Reading a parquet file into a DataFrame is ~170 slower than using CSV.read with the same data. Not sure I can help improve performance but this is limiting my use of ParquetFiles.jl

MWE:

(@v1.4) pkg> st
Status `~/.julia/environments/v1.4/Project.toml`
  [6e4b80f9] BenchmarkTools v0.5.0
  [336ed68f] CSV v0.6.2
  [a93c6f00] DataFrames v0.21.2
  [626c502c] Parquet v0.4.0
  [46a55296] ParquetFiles v0.2.0
using ParquetFiles, BenchmarkTools, CSV, DataFrames
CSV.read("data.csv")
DataFrame(load("data.parquet"))

Loading times for ParquetFiles

@benchmark DataFrame(load("data.parquet"))
BenchmarkTools.Trial: 
  memory estimate:  45.66 MiB
  allocs estimate:  961290
  --------------
  minimum time:     287.492 ms (0.00% GC)
  median time:      290.843 ms (0.00% GC)
  mean time:        296.344 ms (1.64% GC)
  maximum time:     326.041 ms (8.46% GC)
  --------------
  samples:          17
  evals/sample:     1

Loading times for CSV:

@benchmark CSV.read("data.csv")
BenchmarkTools.Trial: 
  memory estimate:  758.14 KiB
  allocs estimate:  2299
  --------------
  minimum time:     1.690 ms (0.00% GC)
  median time:      1.735 ms (0.00% GC)
  mean time:        1.772 ms (1.43% GC)
  maximum time:     14.096 ms (63.93% GC)
  --------------
  samples:          2817
  evals/sample:     1

As compared to pandas:

import pandas as pd
%timeit pd.read_parquet("data.parquet")                                                                                                                                          
# 3.61 ms ± 25.8 µs per loop (mean ± std. dev. of 7 runs, 100 loops each)

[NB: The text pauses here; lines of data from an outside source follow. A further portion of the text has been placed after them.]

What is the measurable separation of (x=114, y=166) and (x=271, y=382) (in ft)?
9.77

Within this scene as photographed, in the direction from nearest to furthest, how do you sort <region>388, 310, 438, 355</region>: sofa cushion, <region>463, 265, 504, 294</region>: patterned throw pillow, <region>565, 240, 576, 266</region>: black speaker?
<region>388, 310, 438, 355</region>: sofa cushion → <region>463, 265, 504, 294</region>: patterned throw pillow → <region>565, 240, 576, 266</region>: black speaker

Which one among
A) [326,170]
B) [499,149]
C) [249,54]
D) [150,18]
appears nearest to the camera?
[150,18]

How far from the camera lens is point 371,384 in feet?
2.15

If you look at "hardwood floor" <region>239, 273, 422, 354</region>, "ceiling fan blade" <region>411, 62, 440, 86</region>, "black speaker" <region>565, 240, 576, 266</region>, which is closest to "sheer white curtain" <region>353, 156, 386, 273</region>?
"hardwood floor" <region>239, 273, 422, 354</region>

%timeit pd.read_csv("data.csv")                                                                                                                                                  
# 4.73 ms ± 166 µs per loop (mean ± std. dev. of 7 runs, 100 loops each)

Data are included in zip file:
data.zip

I think one of the reasons is that ParquetFiles.jl doesn't have the interface Tables.columns implemented, which makes DataFrame(...) go to the fallback solution, that is, row by row appending.